WORK ITEM -
From the entries below, return exactly the lines beginning at the one that contains "增值电信业务经营许可证办理流程,准答态资答答_精英版?GGF7876" and ending at the one that contains "Internet Password Logbook : Password", both of them included, and only those lines.

DATASET RECORDS -
****************************************

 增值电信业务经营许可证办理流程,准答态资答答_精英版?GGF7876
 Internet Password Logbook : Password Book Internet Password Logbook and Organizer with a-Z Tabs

****************************************

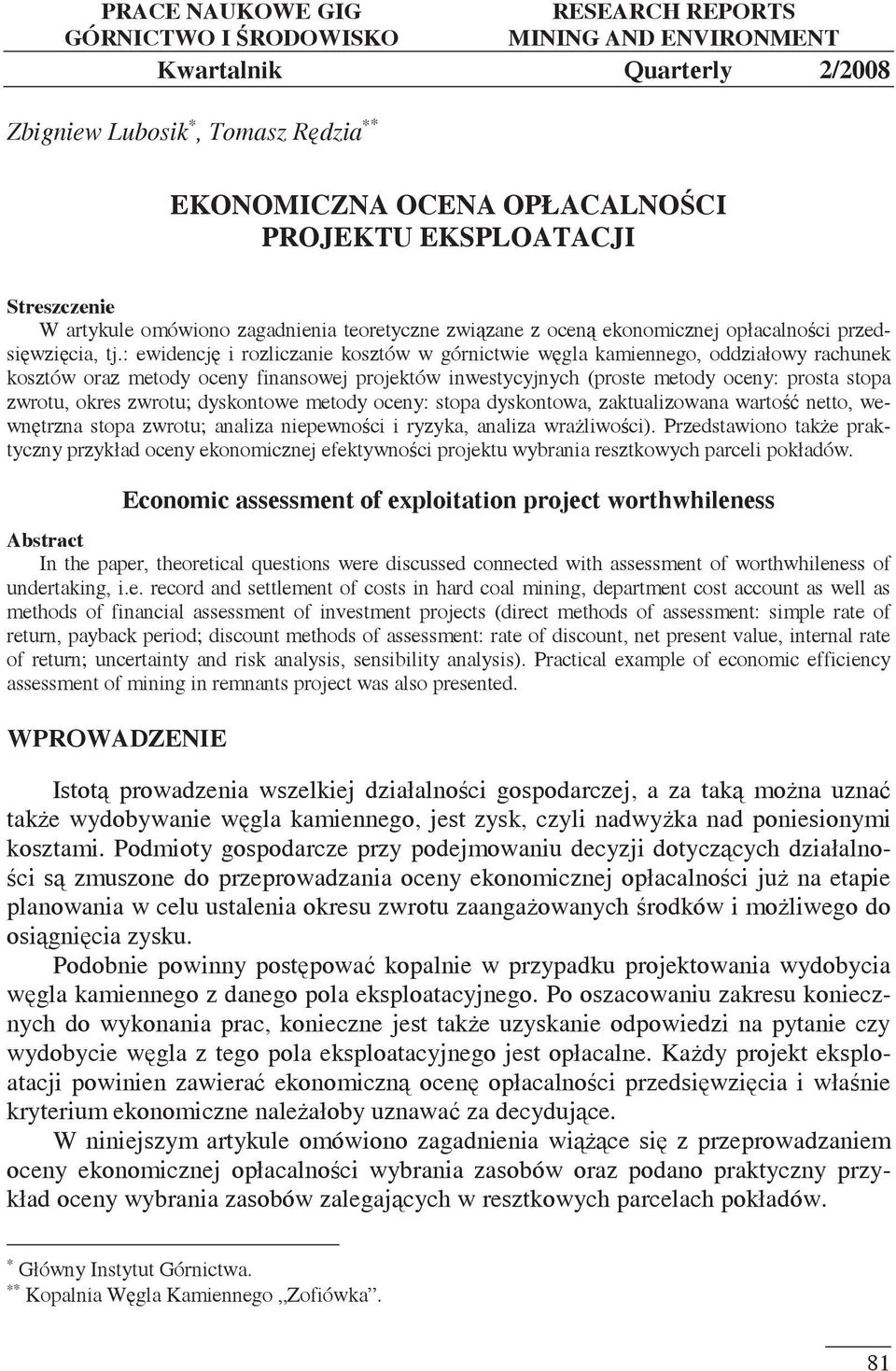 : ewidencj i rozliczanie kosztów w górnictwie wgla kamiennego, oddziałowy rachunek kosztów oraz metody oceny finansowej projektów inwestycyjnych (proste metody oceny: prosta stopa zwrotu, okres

****************************************

EXERCISE RESULT -
 增值电信业务经营许可证办理流程,准答态资答答_精英版?GGF7876
 Internet Password Logbook : Password Book Internet Password Logbook and Organizer with a-Z Tabs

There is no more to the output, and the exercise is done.